また、各中継用導通部材61、62、63が絶縁性樹脂64により一体化されているので、中継用導通部材61、62、63の取り扱いが容易となり、組立性が向上される。
また、各中継用導通部材61、62、63の径方向幅Dが固定子巻線16のコイルエンド群16rの径方向幅以下に形成されているので、回転子7と各中継用導通部材61、62、63との間のスペースが大きくなり、ファン5等の内蔵物の設計自由度が増大する。
【0044】
また、第1乃至第4巻線31〜34がそれぞれ1本の連続導体線で1ターンの波巻き巻線に構成されているので、短尺な銅線を略U字状に成形した導体セグメントを用いた従来例に比べて、接合箇所が著しく削減できる。そこで、生産性および歩留まりを向上させることができ、コイルエンドの高さが低くなり、かつ、コイルエンドの露出面積が大きくなり、高出力化および小型化が図られる。
また、波巻き巻線群の各対がそれぞれ1ターンの波巻き巻線を集合した巻線アッセンブリ39で構成されているので、固定子鉄心15への組み込み時における絶縁被膜49の損傷発生が抑えられ、絶縁性が確保されるとともに、ターン数の増加にも容易に対応できる。
【0045】
なお、上記実施の形態1では、長方形断面形状の銅線を素線に用いるものとして説明しているが、素線は長方形断面形状の銅線に限定されるものではなく、例えば円形断面形状の銅線でもよい。この構成により、素線の成形性が向上し、中継用導通部材への接続が容易となり、作業性がさらに向上する。さらに、素線は銅線に限定されるものではなく、例えばアルミ線でもよい。

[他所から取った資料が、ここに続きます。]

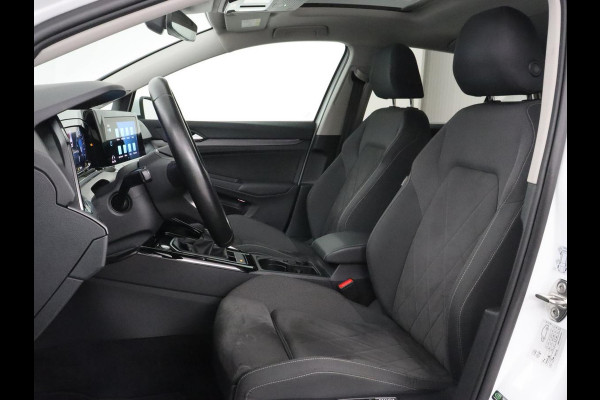 Volkswagen Golf 1.5 TSI Style | Panoramadak | Stoelverwarming | Head-Up | Trekhaak | Camera | Massage | Carplay | Navigatie | Adaptive cruise | Harman/Kardon | Sfeerverlichting | Keyless | Park Assist | Getint glas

また、上記実施の形態1では、連続線からなる素線30を用いるものとしているが、短尺の銅線を略U字状に成形してなる導体セグメントを素線に用いても、同様の効果を奏する。
また、上記実施の形態1では、車両用交流発電機の固定子巻線に適用するものとして説明しているが、本発明は他の交流発電機に適用しても、同様の効果を奏するものである。
また、上記実施の形態1では、ファン5として内扇ファンを用いるものとしているが、ファンとして外扇ファンを用いても、同様の効果が得られる。
また、上記実施の形態1では、中継用導通部材はリヤ側に配設されているものとして説明しているが、中継用導通部材をフロント側のファン対向面を塞ぐことなくフロント側に配設し、リヤ側には交流出力用リード線のみを導出させてもよい。この構成においても、固定子巻線と整流器との間の通風抵抗を抑制でき、またフロント側の固定子巻線の冷却性も阻害することがなく、同様の効果を得ることができる。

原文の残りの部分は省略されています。